Waltzing Through Life
Today, the Burt Squirt has lived outside me as long as he lived inside me. While my mind boggled with every BabyCenter newsletter tracking his development in utero, not a day goes by that I’m not just as surprised, delighted, and amazed by a new skill he masters.
A little less than three weeks ago, that skill was crawling. He started out awkwardly, not covering much ground in a good length of time. Within the space of a few days, he was crossing entire rooms and discovering the fun of a good game of chase, the chief objects of which are Dorrie and Mr. Burt’s and my office chairs. The incident of the Burt Squirt trapping the chagrined cat in the undignified location of her litter box didn’t make for good pictures, but we did get a video of the roller derby:
In addition to being fascinated with wheels (the Burt Squirt entertained himself for about two hours on a coffee shop floor last week–no, I’m not a germaphobe–pushing his umbrella stroller around), his other favorite form of entertainment, discovered after he began to crawl, is the spring doorstops. Loving the sound they make when he twangs them, he quickly figured out where each one in the house is located, as well as how to screw them off the baseboards and detach the rubber end caps. Which means Mr. Burt and I must come up with a creative baby-proofing solution so as to avoid a trip to the emergency room by way of boingy thing. Not something we expected to be an issue, and it reminds us very much of the first night after we adopted Dorrie and she found a hidey-hole under the kitchen cupboards that we previously hadn’t known existed. It just goes to show: if you really want to know your house, get something small that moves on all fours.
Not that the Burt Squirt’s going to be a four-legged creature for long. This morning when I went into his room
I didn’t find him lying on his back, staring longingly up at the plush jungle animals dangling teasingly from his mobile (which was the thing for the first seven months of his life), or up on hands and knees, reaching for them (which he’s done since he became a crawler), but standing up in his crib, clutching the rail, and perfecting the expression that shall henceforth be called the Burt Smirk (no doubt learned from Uncle Greg, of the infamous Greg Bond Smirk, with whom he spent his first Thanksgiving).
Like crawling, pulling up also happened without preamble.
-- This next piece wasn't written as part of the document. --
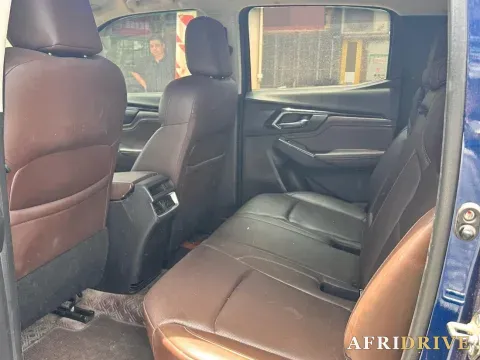 2021 Isuzu D-MAX 6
He’d barely tried pulling up on anything at all, when one day last week, Mr. Burt, kneeling beside the bathtub rinsing a garment the Burt Squirt had, erm, soiled, looked up to see the Burt Squirt, who’d been playing (with the boingy thing) in his bedroom) standing beside him, holding on to the edge of the bathtub. The next thing we knew, he was pulling up on the ottoman, a shelving unit with pull-out bins, the crib, the stairs (thus far unsuccessfully, thank goodness, as we’ve only installed a gate at the top and not the bottom).
We actually worried that pulling up would prove a little out of reach–literally–as our furniture is large scale for vertically challenged people. The
worry was needless, as the Burt Squirt’s had an upward growth spurt, prompting Grandmommy to give him his Christmas presents early in the hope that he wouldn’t outgrow them before he got to wear them. Once again we’re between doctor’s appointments so I don’t know his exact height and weight, but I think he’s around 22 pounds, a weight my baby book (which my mother wrote it more religiously than I do the Burt Squirt’s) shows I didn’t reach until I was about two years old. Regardless of what the scales and tape measures say, he fits most comfortably in 12-month clothes, provided that the pant legs are rolled up. Which seems an appropriate size for him, seeing as most people express surprise that he’s not at least a year old, especially since he got his first haircut.
Like another boy of some note, the Burt Squirt is growing not only upward and outward, but in intelligence, as well. When he was wearing the new boots featured to the left, a Starbucks barista exclaimed, “Look at his little shoeies!” and the Burt Squirt swung his leg up and looked at his suede-shod foot. As the barista took this as a sign of advanced language comprehension skills, I choose to do so, too. He has, after all, begun to say mama, and with meaning–though it would be nice if that meaning were less along the lines of “I’m unhappy with my current lot in life and need you to do something about it!” and more like “You’re more than a food source to me, and I’m simply delighted to see you!” Just in the past day or two he’s picked up nana, which I must attribute to the increasing frequency at which our little crawler is hearing the word no-no (which was, incidentally, my first word).
I can’t believe I’m talking about first words and first haircuts and first times pulling up in cribs. How are nine months gone already? Nine months seemed a heckuva lot longer when Liam was inside me…People say it goes too fast, but personally I’m glad to have flown through the sleepless nights and days of endless nursing. This is the fun part. Now if only time would slow down a bit…
But I know it won’t–so since the Burt Squirt’s three-quarters of the way to a year old, I’d better start planning that first birthday party.